Bitcoin’s rally in July lost momentum towards the end of last week as the crypto fell below $62,000 amid renewed concerns over rising tensions in the Middle East. Investors reacted to reports suggesting that the already fragile understanding between the U.S. and Iran may have broken down, triggering a sharp sell-off across crypto.
Trading data showed Bitcoin dropping from an intraday high above $64,100 to as low as $61,481 by late morning, a 3.5% decline over a 24-hour period.
Before the downturn, Bitcoin had been on a steady climb, gaining nearly 10 percent since the beginning of the month. However, traders were unsettled by ongoing military activity in the region and by the Trump administration’s move to end sanctions exemptions that had enabled Iranian crude exports.
Additional pressure came after President Trump indicated that the memorandum of understanding between Tehran and Washington was effectively no longer in force.
Although Bitcoin later recovered some ground and moved back above the $62,000 mark, its overall value in the market declined significantly. The cryptocurrency’s market capitalization slipped from about $1.28 trillion earlier in July to approximately $1.24 trillion.
The abrupt price movement also sparked a wave of forced liquidations. Data revealed that bullish positions incurred the most significant losses, resulting in over $65 million in wiped-out long trades. By comparison, short positions accounted for around $13 million in losses. Across the broader digital asset sector, liquidations surpassed $372 million, with long bets constituting the majority of the damage.
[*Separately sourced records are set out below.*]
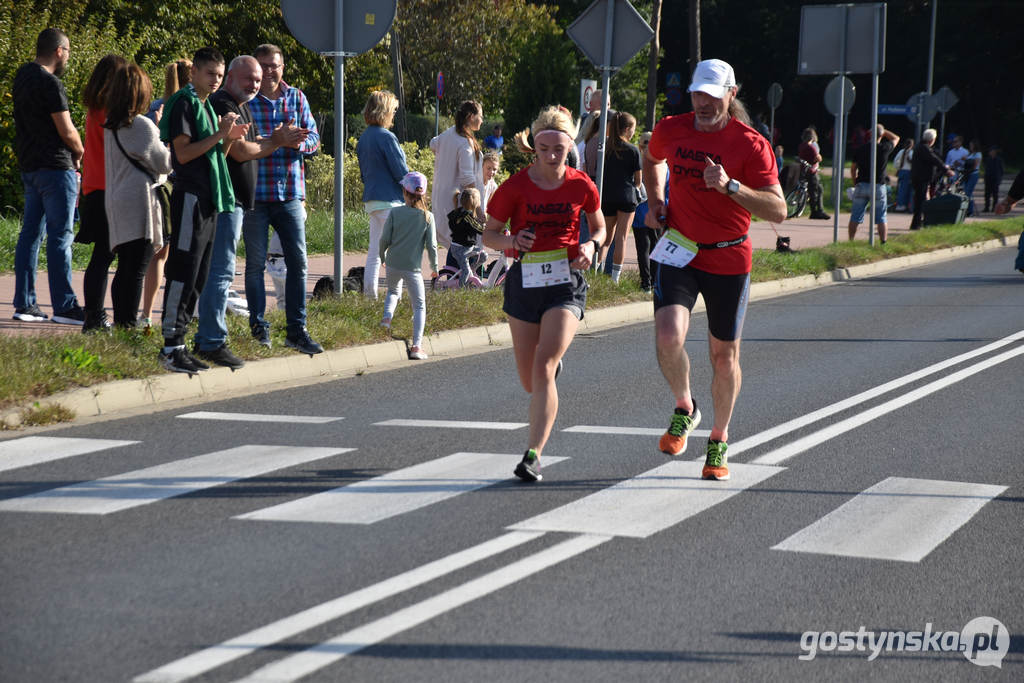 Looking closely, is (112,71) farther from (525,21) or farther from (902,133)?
(902,133)

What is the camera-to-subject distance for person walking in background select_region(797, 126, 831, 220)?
29891mm

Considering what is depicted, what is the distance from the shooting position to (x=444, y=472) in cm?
672

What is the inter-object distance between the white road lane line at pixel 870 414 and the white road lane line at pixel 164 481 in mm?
2313

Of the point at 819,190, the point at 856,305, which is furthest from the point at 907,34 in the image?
the point at 856,305

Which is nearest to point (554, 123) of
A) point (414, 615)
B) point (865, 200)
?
point (414, 615)

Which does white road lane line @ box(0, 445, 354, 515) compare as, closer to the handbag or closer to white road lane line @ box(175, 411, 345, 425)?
white road lane line @ box(175, 411, 345, 425)

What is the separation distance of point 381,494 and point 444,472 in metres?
0.59

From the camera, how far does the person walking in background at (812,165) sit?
2989 centimetres

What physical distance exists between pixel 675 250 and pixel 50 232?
227 inches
Major U.S. indexes, including the S&P 500 and the Nasdaq, ended the day with minimal changes. However, global equities still felt the impact of rising uncertainty. Asian markets experienced notable declines, with South Korea’s KOSPI index recording some of the steepest losses in the region.
At the same time, concerns over the conflict fueled gains in energy markets. Brent crude oil prices climbed sharply and moved above $80 a barrel, reaching that level for the first time since mid-June.
Previous sanctions relief had enabled Iran to ship millions of barrels of crude from Kharg Island, though much of that supply reportedly remains undelivered. The removal of those exemptions could significantly reduce Iran’s oil income and increase the possibility of retaliatory action targeting key maritime routes, including the Strait of Hormuz and shipping channels near Bandar Abbas.
Any disruption to these routes could place additional strain on global energy supplies and push oil prices even higher. Rising energy costs may increase expectations that the Federal Reserve will tighten monetary policy, a scenario that typically weighs on risk assets such as Bitcoin. Meanwhile, a softening of Washington’s rhetoric could ease pressure on oil prices and potentially support a recovery in crypto markets.
The geopolitical situation can change on a dime, so these tensions in the Middle East are likely to be closely monitored by crypto industry players like Bit Digital Inc. (NASDAQ: BTBT) to gauge what the outlook for digital currencies could be in the near term.